[Records shown]

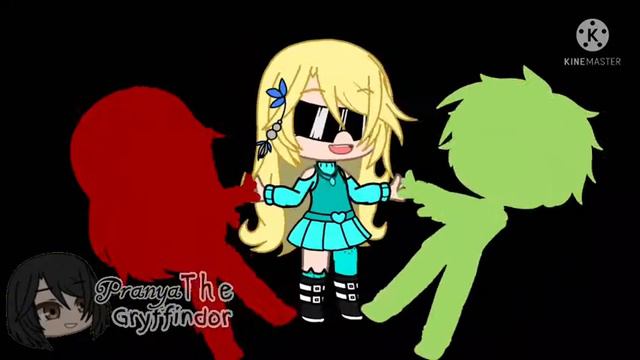 Spin Your Head Right Round || Meme/trend||Gacha Club|| Ft. Sliver Trio|| Harry Potter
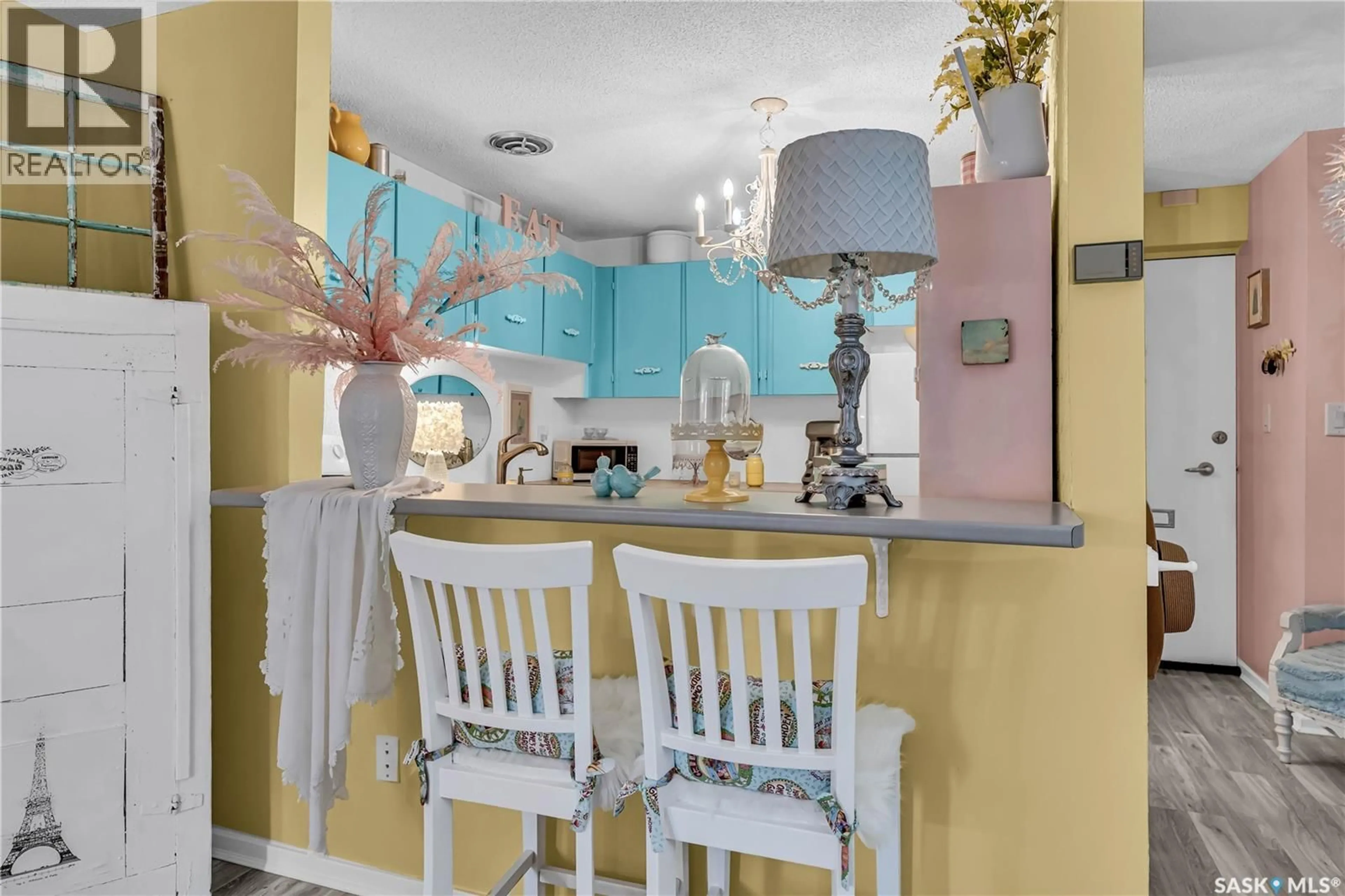 Open concept kitchen, unknown for 306 - 4545 RAE STREET, Regina Saskatchewan S4S3B2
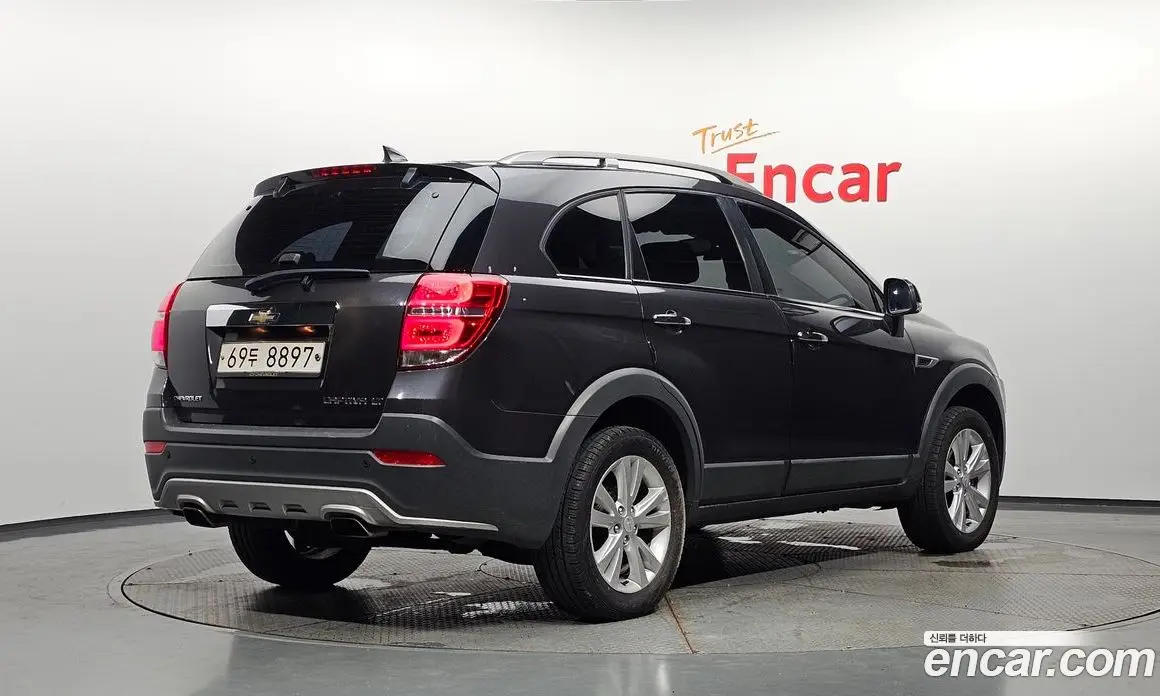 Chevrolet Captiva 2013 2.0 автомат (гидро), фото 2 Chevrolet Captiva 2013 2.0 автомат (гидро), фото 2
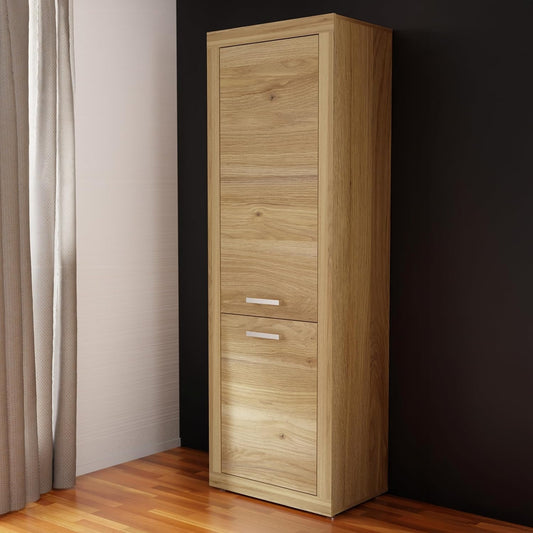 Schrank mit 2 Turen in Eiche, 63,4 ¡Á 190,7 ¡Á 41 cm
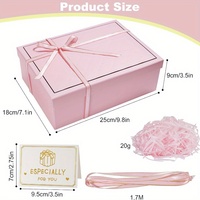 Boîtes cadeaux pliables en carton épais de luxe avec fermetures magnétiques et pelliculage mat pour parfums, fourrures, chaussettes et expéditions personnelles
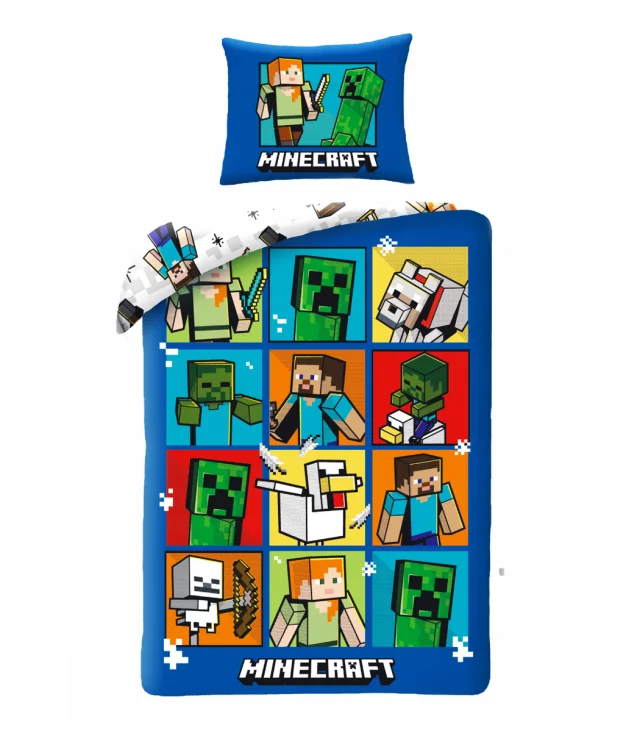 Bettwäsche  Minecraft - Creepers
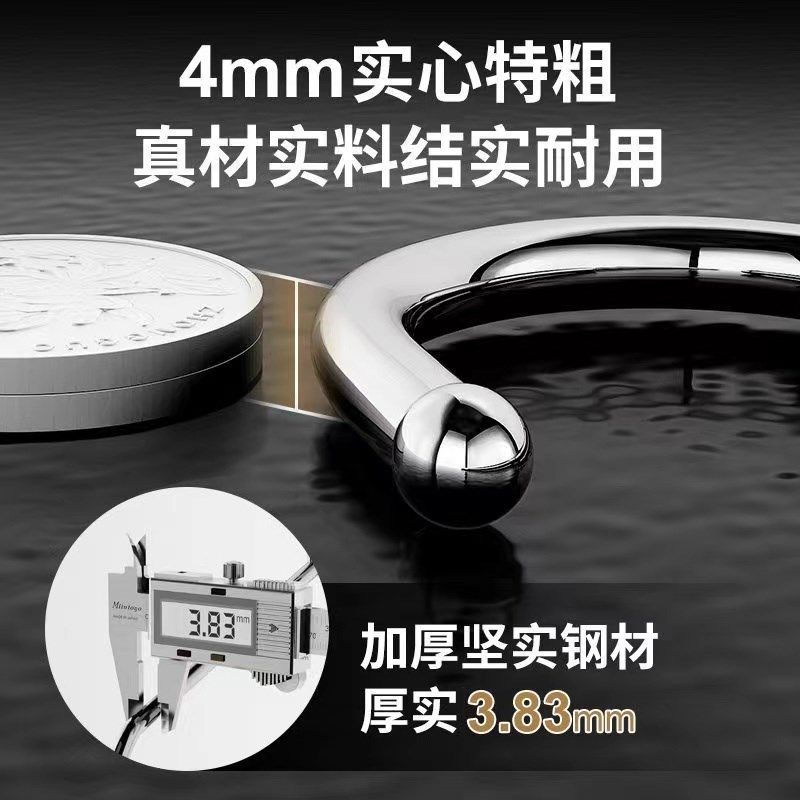 304不锈钢衣架家用宿舍加粗加厚晾衣架挂钩衣撑子加长晾衣架,收纳整理,多夹子晾衣架,淘宝优惠券,粉丝福利购,淘宝优惠卷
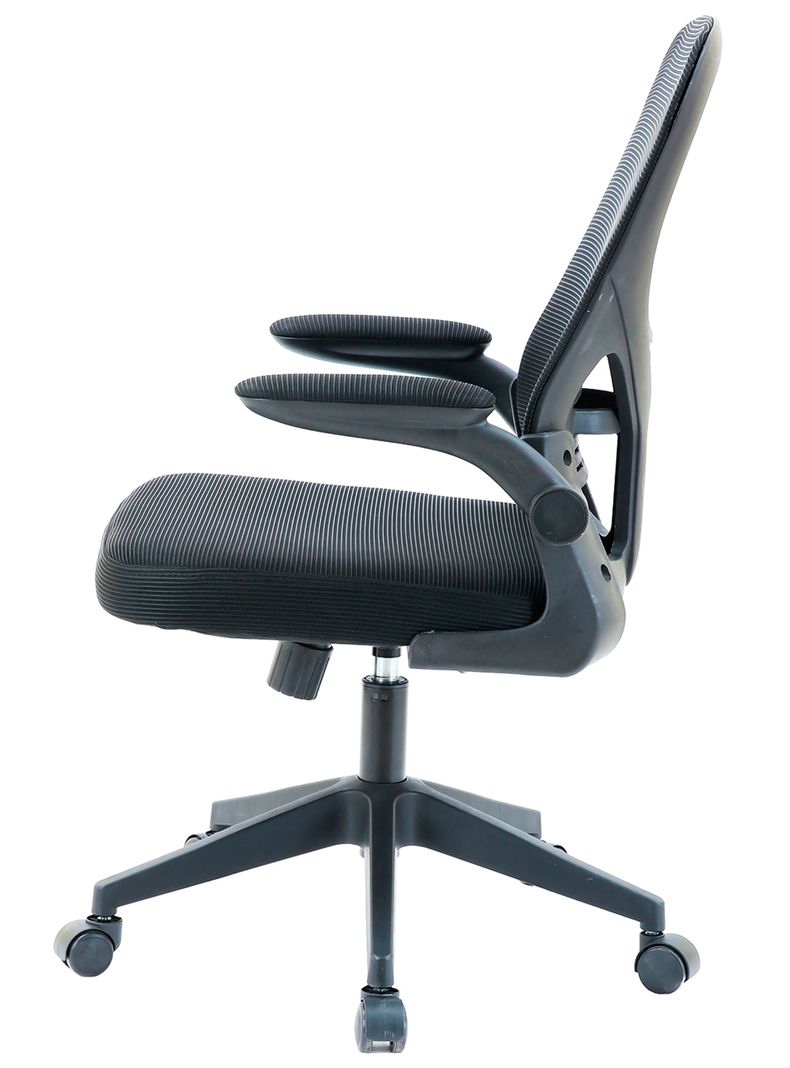 Silla de Escritorio Precision Seating - Negro-6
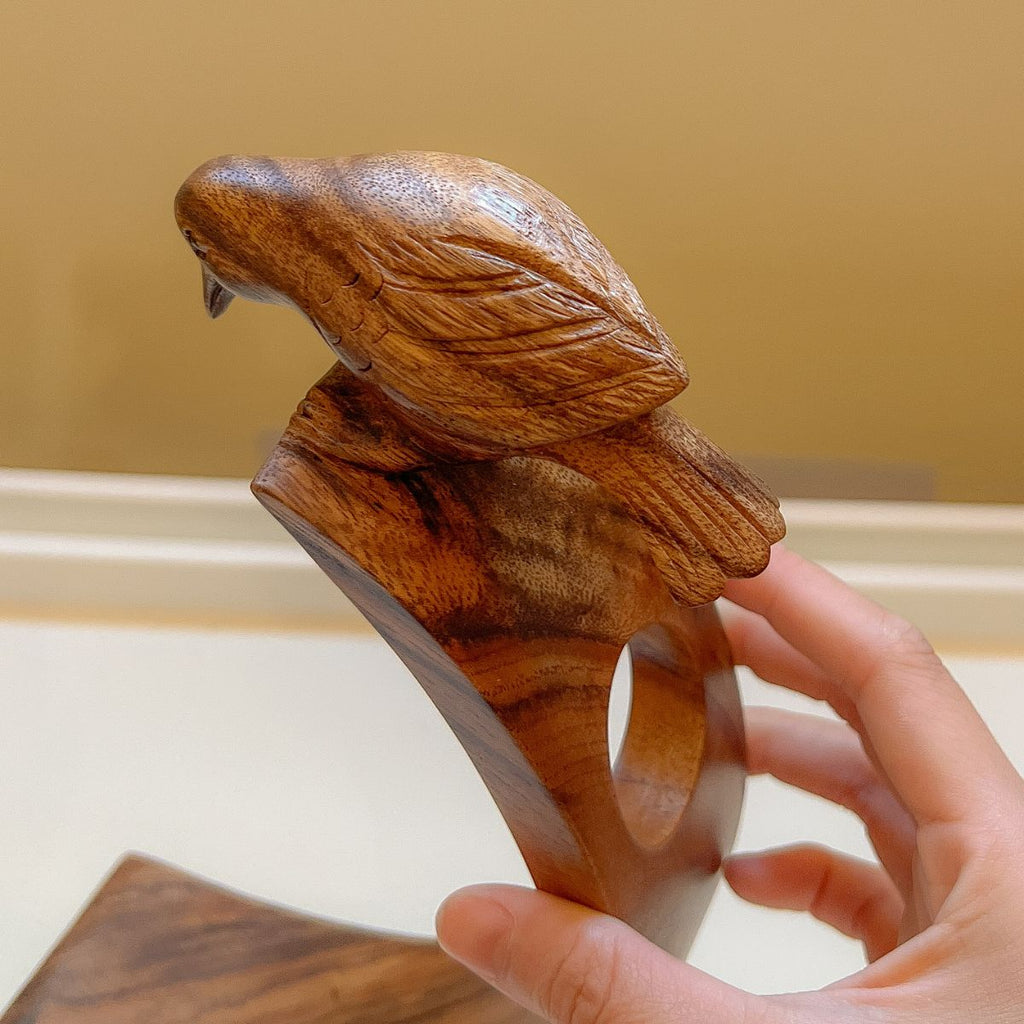 Bird Wine Holder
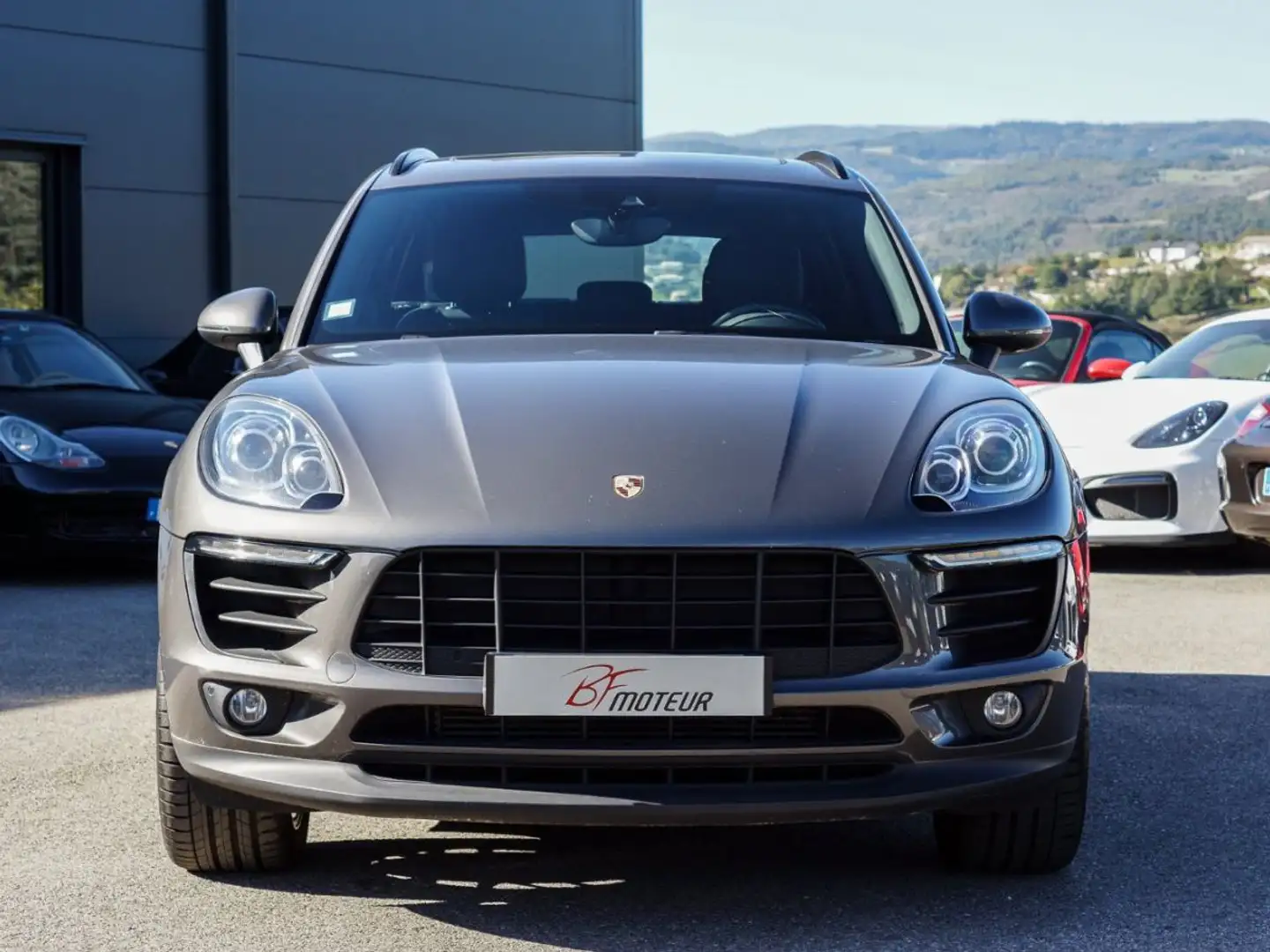 Porsche Macan S Diesel Origine France / PDK / PANO / CAMERA / CUIR Gris - 2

[/Records shown]

Everything from the line containing "Boîtes cadeaux pliables" to the last line of the records above should be reproduced exactly, except the pictures.

 Boîtes cadeaux pliables en carton épais de luxe avec fermetures magnétiques et pelliculage mat pour parfums, fourrures, chaussettes et expéditions personnelles
 Bettwäsche  Minecraft - Creepers
 304不锈钢衣架家用宿舍加粗加厚晾衣架挂钩衣撑子加长晾衣架,收纳整理,多夹子晾衣架,淘宝优惠券,粉丝福利购,淘宝优惠卷
 Silla de Escritorio Precision Seating - Negro-6
 Bird Wine Holder
 Porsche Macan S Diesel Origine France / PDK / PANO / CAMERA / CUIR Gris - 2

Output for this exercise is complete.